Und wenn Sie von den Zahlen sprechen, Kollege Wagner, wissen Sie, das wesentliche Problem all der Vereinbarungen - das gilt für die erste Vereinbarung zum Arbeitszeitmodell und auch für die jetzige Vereinbarung, die auf dem Tisch liegt - ist, dass man von unterschiedlichen Zahlen ausgeht. Wir haben ja schon mehrmals angefragt: Wie viele Stunden haben denn die Ärzte vor der Umstellung des Arbeitszeitgesetzes gearbeitet?
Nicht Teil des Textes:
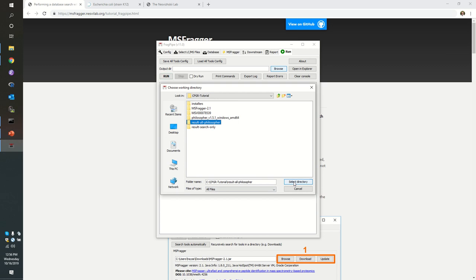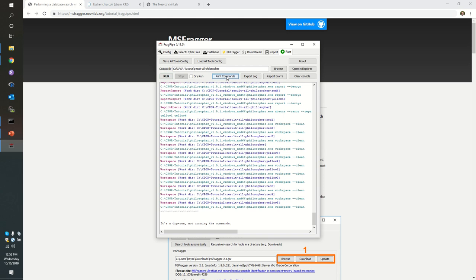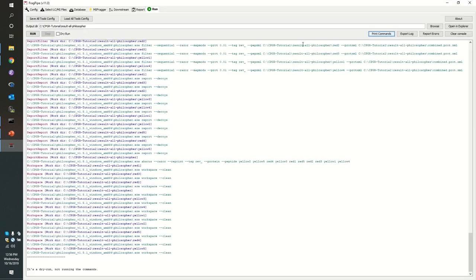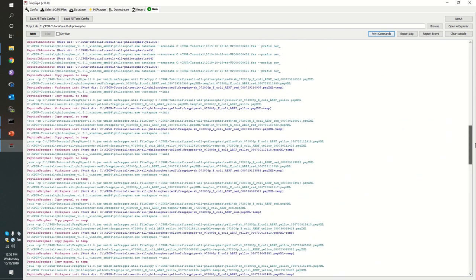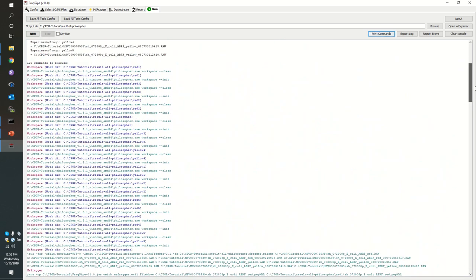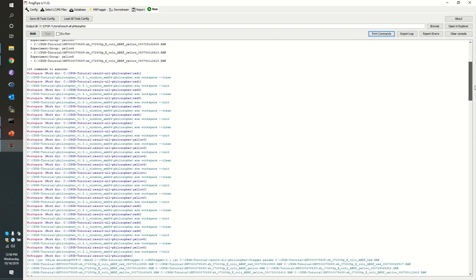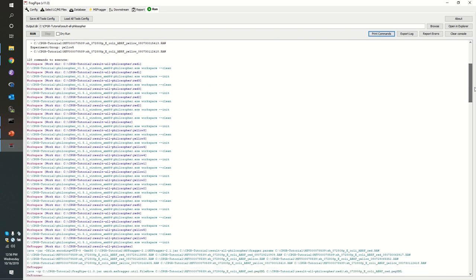We've named our directory result all philosopher. And now I'm going to select that directory as our output. Once again, I want to print commands to show me just what I'm in for. Now before, we had a relatively short list of things that we were going to do. We just needed to launch a total of 11 commands, but look at all this stuff. We have 128 commands to execute here.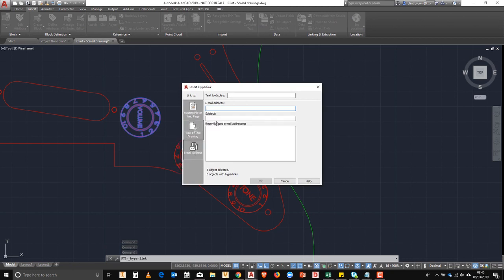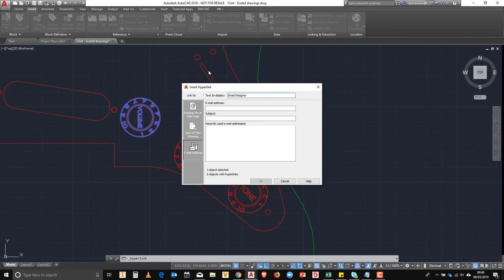So to do this, we click on the email, we type in the text to display, and this is a little bit of information that pops up from the mouse over the block.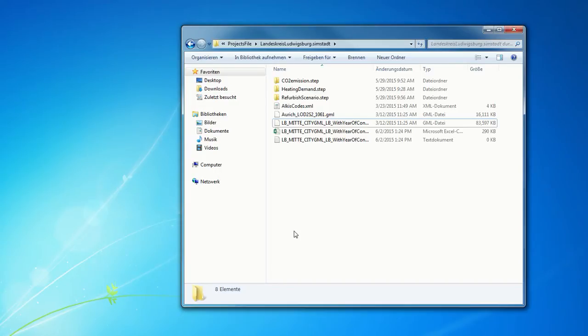Hello, my name is Romain Nouvel. Today I will show you a quick overview of the urban energy platform SimStadt that we are developing since one year in the University of Applied Science, Stuttgart.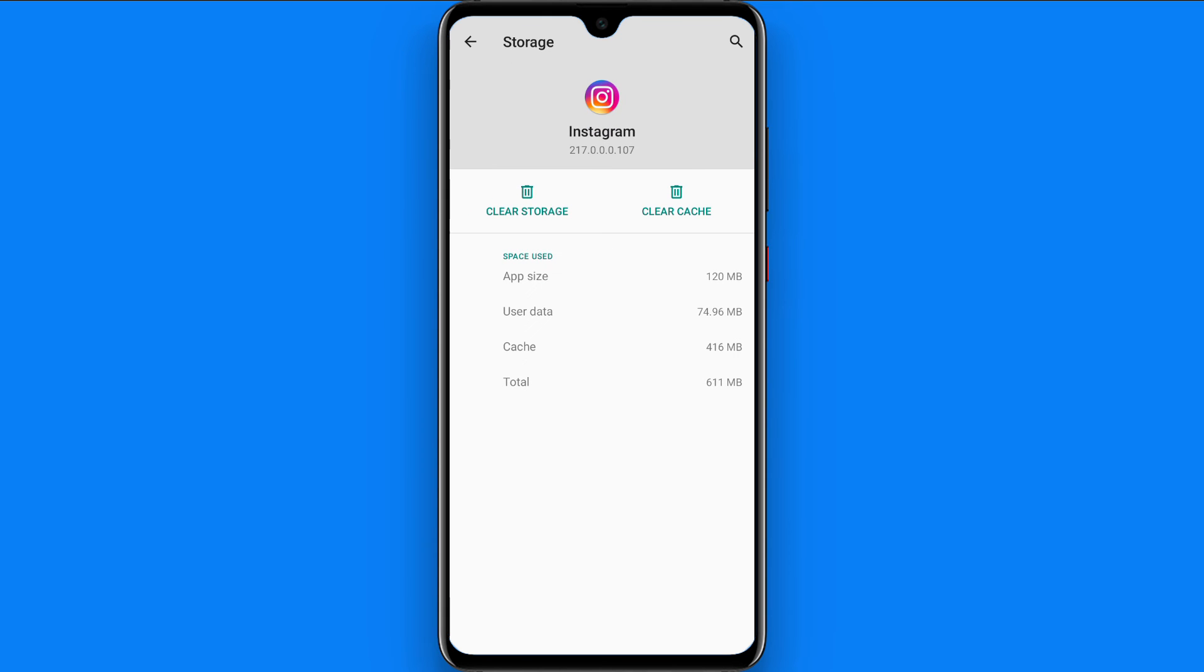From here you have to click on the clear storage. Once you do it, your call history will be cleared. Hope this video will be helpful for you.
Und uns wurde immer wieder vermittelt, es waren 44 Stunden, 46 Stunden. Die andere Seite der Vertragspartner spricht hingegen von 55 bis 60 Stunden. Wenn man diese Differenz hernimmt, dann fehlen 25.000 Arbeitsstunden an Ärzten pro Woche. Wenn das der Fall ist, ist es vollkommen logisch, dass es eine enorme Arbeitszeitverdichtung gibt, längere Wartezeiten in den Ambulanzen, et cetera.

 

Ich halte das für einen der wesentlichen Punkte. Bei allen Vereinbarungen muss man sich eigentlich von Anfang an auf eine gemeinsame Datenbasis einigen, und sie verwechseln leider Gottes die sogenannten Vollzeitäquivalente mit den Köpfen. Daher sind die Vergleiche, die Sie angestellt haben, einfach nicht korrekt. Und wenn man 25.000 Stunden pro Woche weniger an Arbeitszeit zur Verfügung hat, dann beginnt das System natürlich an mehreren Ecken und Enden zusammenzubrechen, und das halte ich für ein sehr großes Problem.